**Work task**:
Starting at the line that contains "Fototapeta dziura na" and stopping at the line that contains "Animation Anime Anger", transcribe every line of the material below exactly; pictures stay out.
-- Opening Marker --
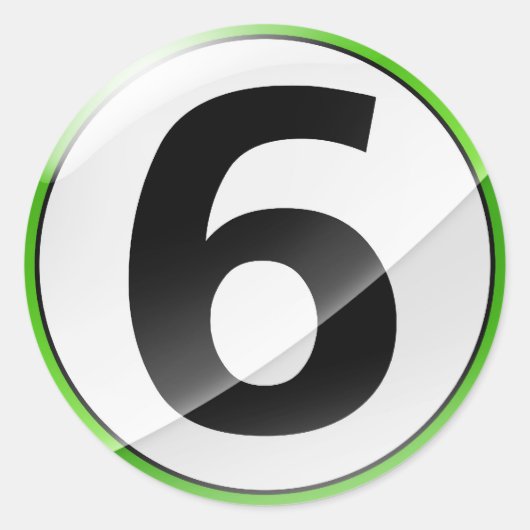 Nummer 6 groene sticker (Voorkant)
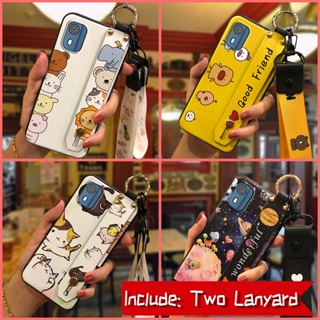 Durable Shockproof Phone Case For Nokia C02/TA-1522 Fashion Design Cute Waterproof Lanyard protective Cartoon Kickstand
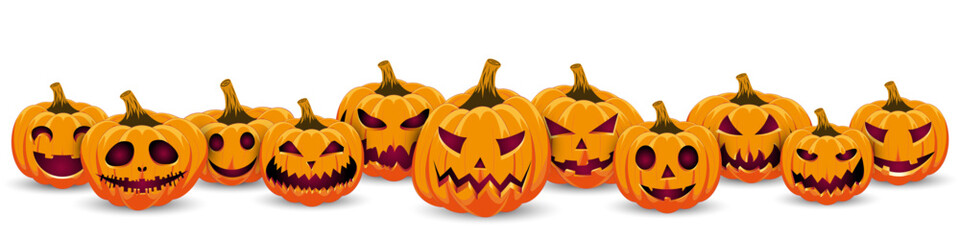 Set Halloween pumpkin on white background. The main symbol of the Happy Halloween holiday. Orange pumpkin with smile for your design for the holiday Halloween. Vector illustration.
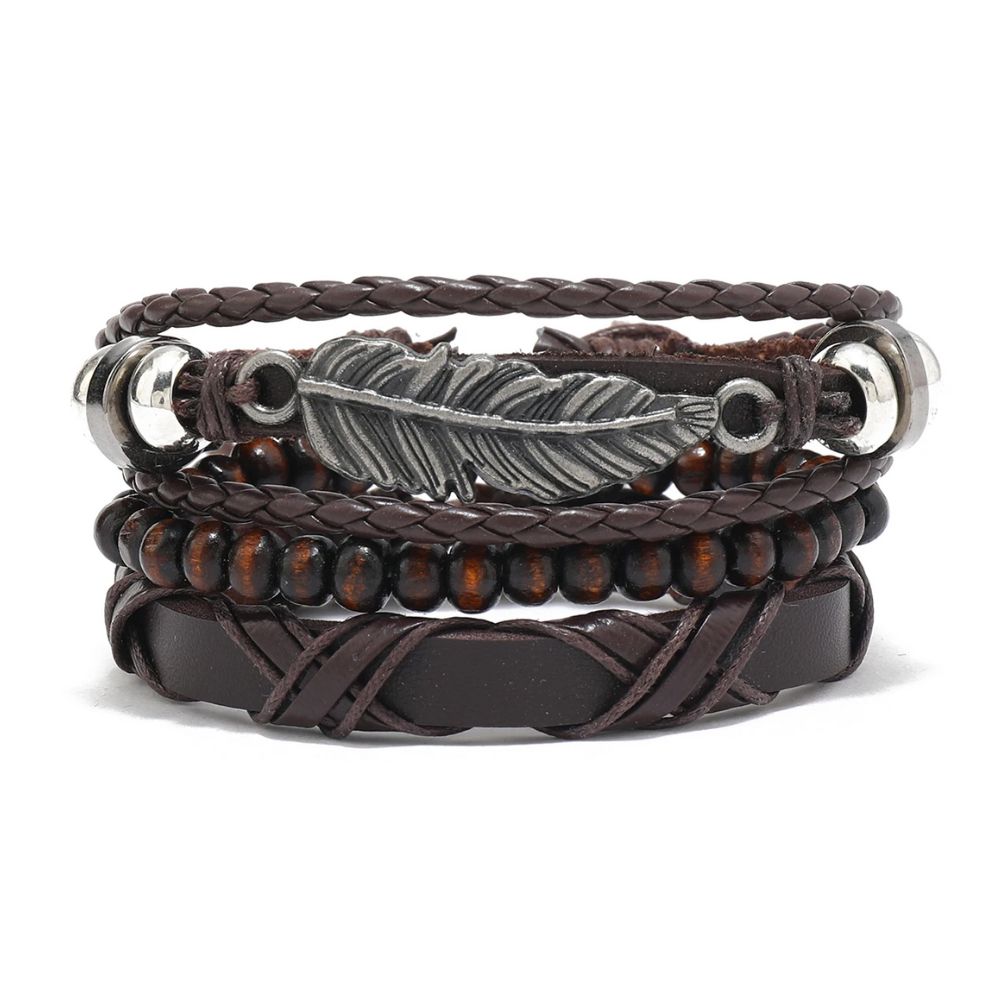 Bracelet Plume Cuir Marron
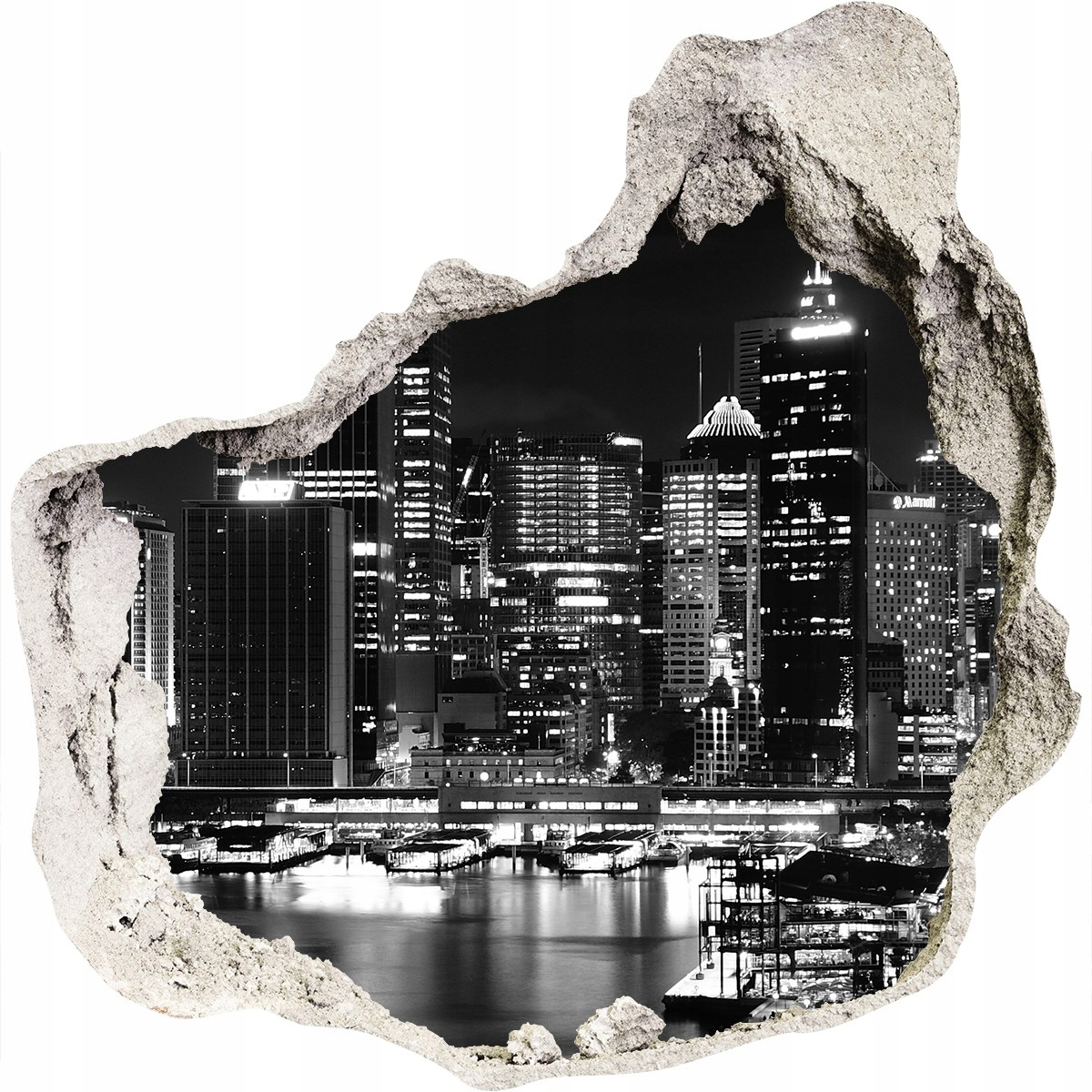 

Fototapeta dziura na ścianę 3d Sydney nocą 125x125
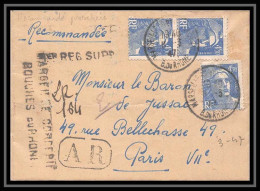 110118 Lettre Recommandé Provisoire Cover Bouches Du Rhone N°718a Gandon 1947 Marseille Corderie  - Aushilfsstempel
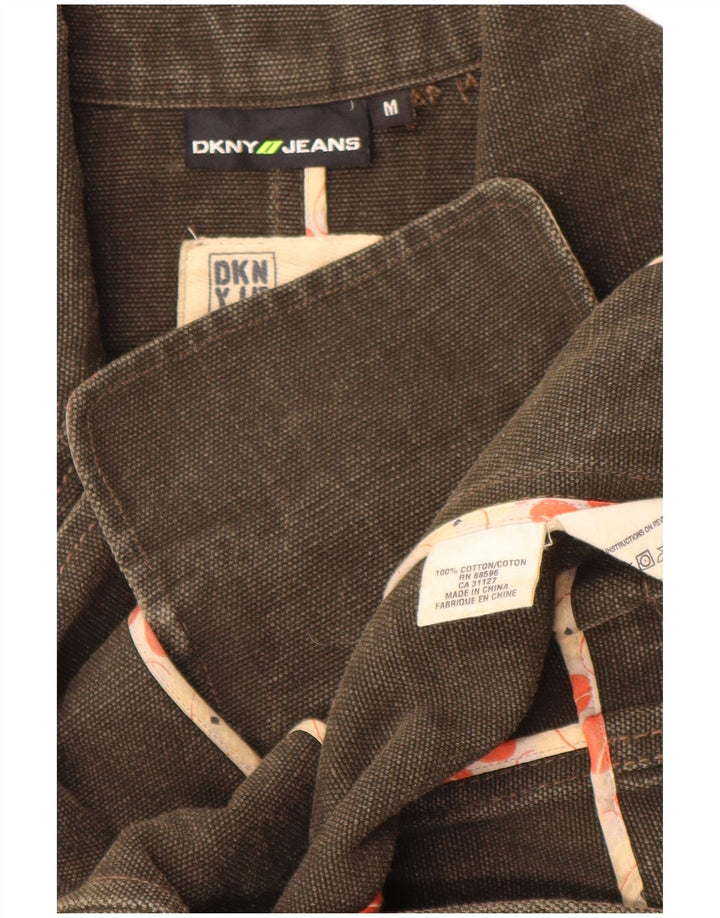 Dkny Chaqueta tipo blazer con 1 botón para mujer Reino Unido 42 Algodón caqui mediano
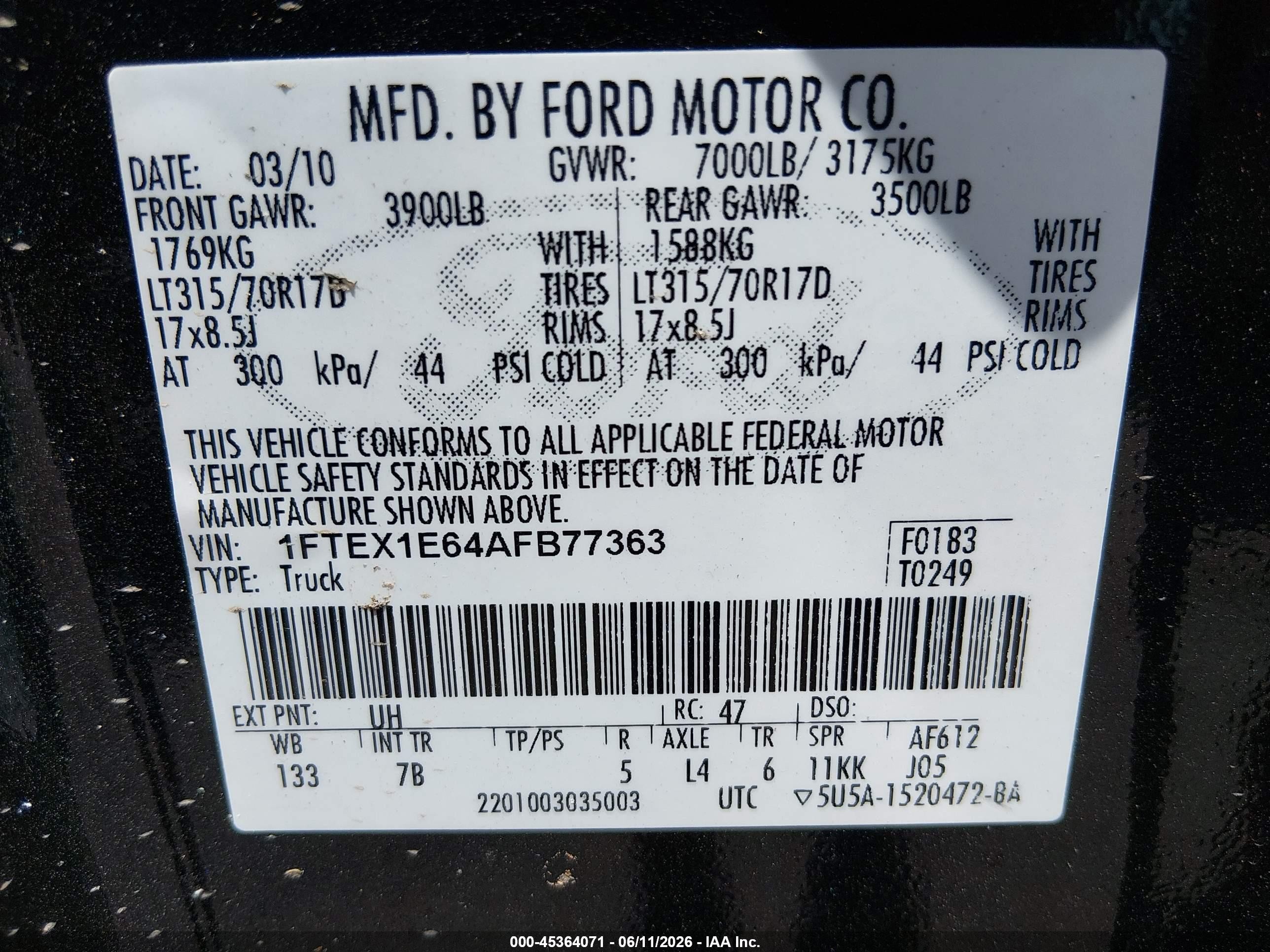2010 Ford F-150 Svt Raptor Черный vin: 1FTEX1E64AFB77363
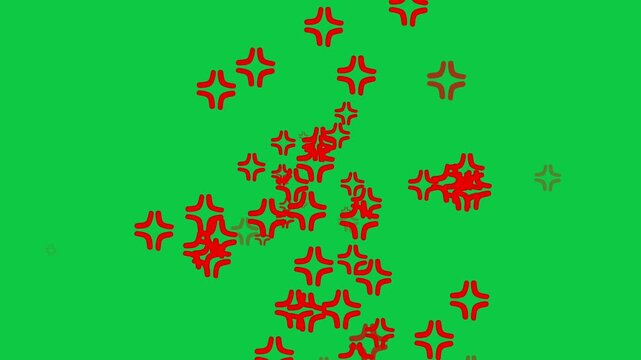 Animation Anime Anger Symbol Overlay Red Vein on Green Screen Chroma Key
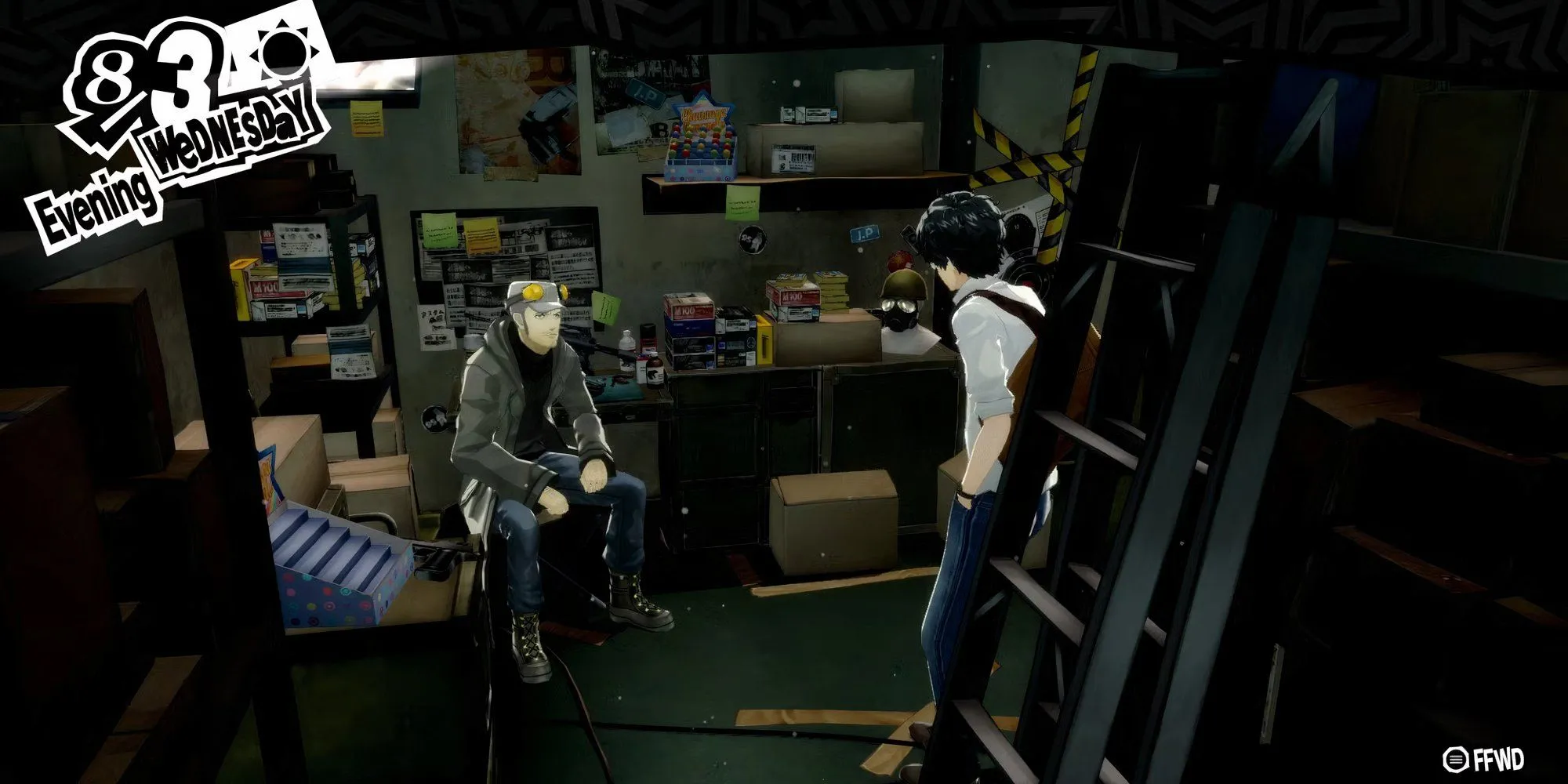 Joker bước vào cửa hàng Untouchable để bắt đầu cuộc trò chuyện tăng hạng Confidant với Iwai trong Persona 5 Royal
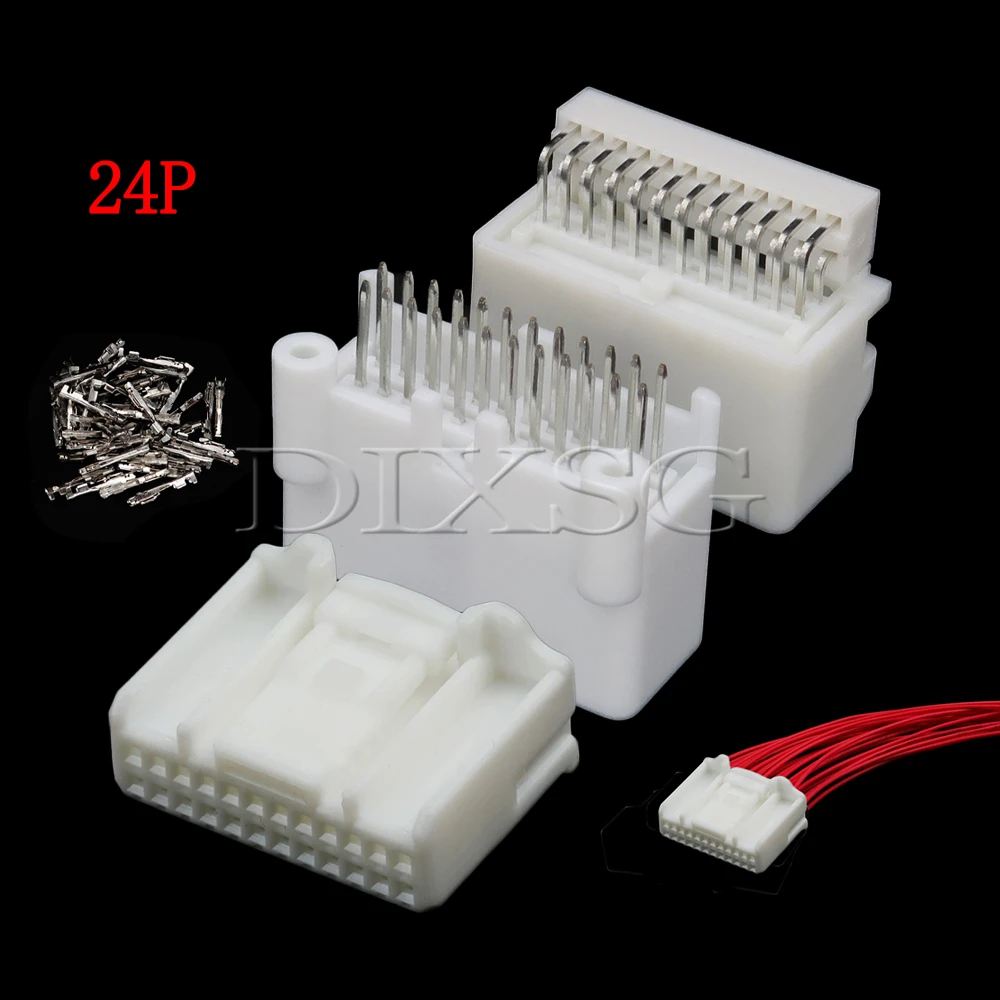 1 Set 24 Pin 1376111-2 1318853-2 1318917-1 1376103-1 PCB Connector Car Cable Harness Plug for Audio Navigation Rearview Mirror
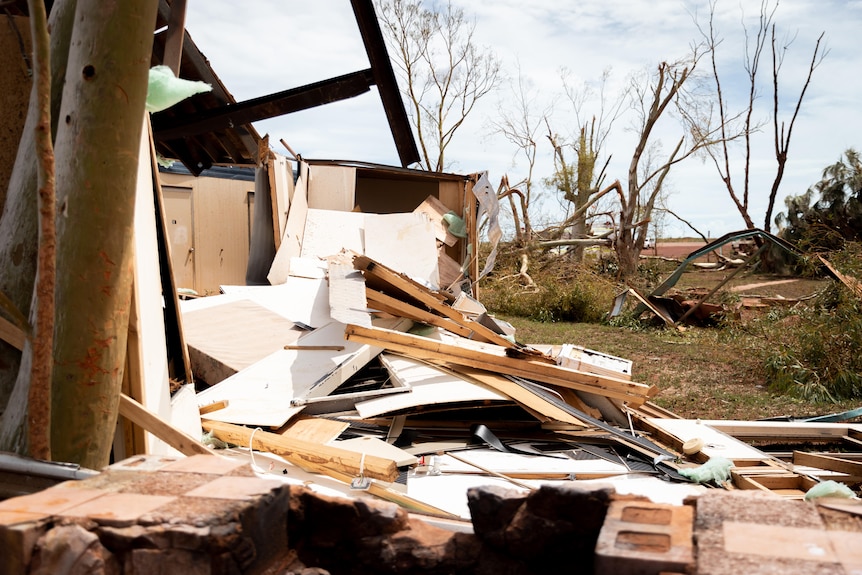 Wreckage of a building at Pardoo after Tropical Cyclone Ilsa.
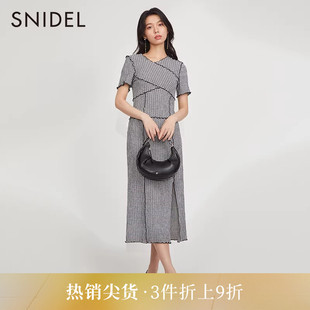 SNIDEL春夏款 优雅格纹收腰开衩木耳边系带连衣裙SWFO231095 法式
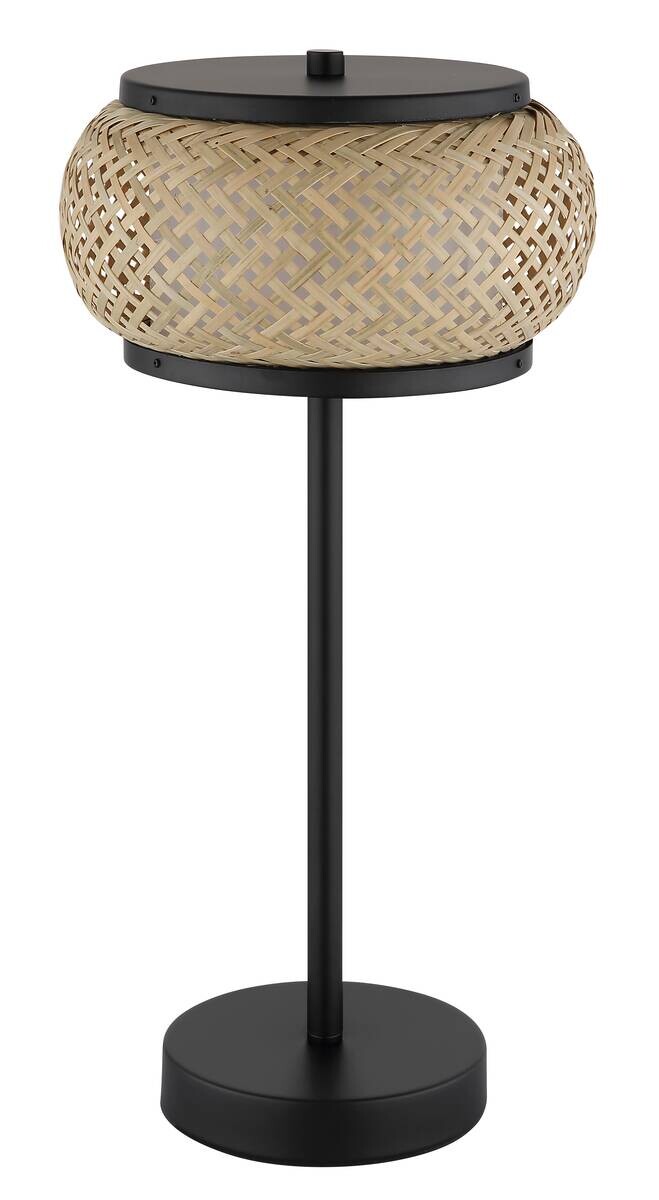 GLOBO Tischleuchte mattschwarz natur Metall Bambus H/D: ca. 46,1x22 cm 1 Brennstellen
-- Closing Marker --
**Result of the exercise**:
Fototapeta dziura na ścianę 3d Sydney nocą 125x125
 110118 Lettre Recommandé Provisoire Cover Bouches Du Rhone N°718a Gandon 1947 Marseille Corderie  - Aushilfsstempel
 Dkny Chaqueta tipo blazer con 1 botón para mujer Reino Unido 42 Algodón caqui mediano
2010 Ford F-150 Svt Raptor Черный vin: 1FTEX1E64AFB77363
 Animation Anime Anger Symbol Overlay Red Vein on Green Screen Chroma Key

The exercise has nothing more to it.